The output of step 8020 is provided, at a step 8030, to a preliminary diagnosis model configured (e.g. trained) to predict and output diagnoses and associated confidence values for the user inputs received at step 8010. For example, the preliminary diagnosis model used at step 8020 may be the preliminary diagnosis model 3014. In a particularly advantageous example, the output of step 8020 is one or more classes which may be represented in tabular form and the preliminary diagnosis model is a gradient boosting decision tree. In an example in which the method 8000 is used in a diagnosis of a mental health condition, the preliminary diagnoses output at step 8030 may be those shown in Table 1.

Referring to Figure 11 , there is shown a flowchart of a computer-implemented method 8100 that may be performed to process question responses received from a user. The method 8100 may be performed by an input pre-processor of an input pre-processor stage 3012. For example, the method 8100 may be performed by the input pre-processor 5000.

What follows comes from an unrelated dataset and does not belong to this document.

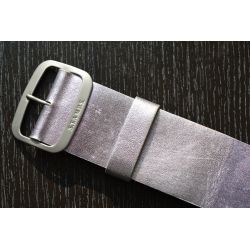 Photo Bracelet Cuir Argent Métal Stamps VINTAGE  Mis en Vente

At a step 8110, the computer system implementing the method 8100 (for example one or more of the server 1030 and the user device 1010) receives from the user an input comprising a user’s answer to specific questions or sets of questions that have been presented using a user interface. In an example in which the method 8100 is used in a diagnosis of a mental health condition, the specific questions may be one or more clinically validated questionnaires on which diagnoses of mental health conditions is dependent. For example, the questions or sets of questions may be one or more questions or sets of questions that are mandated by clinical guidelines to be administered to a patient. For example, the response received at step 8110 may be responses to the following questionnaires:

PHQ-9 (Kroenke et al., 2001): measuring symptoms of depression

GAD-7(Spitzer et al., 2006): measuring symptoms of generalised anxiety IAPT Phobia scales : measuring different phobia related symptoms

- WSAS (Mundt et al., 2002): measuring general functional impairment

At step 8120, the input received at step 8110 is pre-processed to reduce the dimensionality of the input. For example, the input may be processed at step 8120 by the input pre-processor 5000. In a particularly advantageous example, the inputs received at step 8110 may be represented in tabular format, and the input pre-processor applied at step 8120 may use a gradient boosting decision tree to classify the inputs and output one or more classes. Each class may have a confidence value associated with it. In an example in which the method 8000 is used in a diagnosis of a mental health condition, the classes may be one or more of the classes shown in Table 1 .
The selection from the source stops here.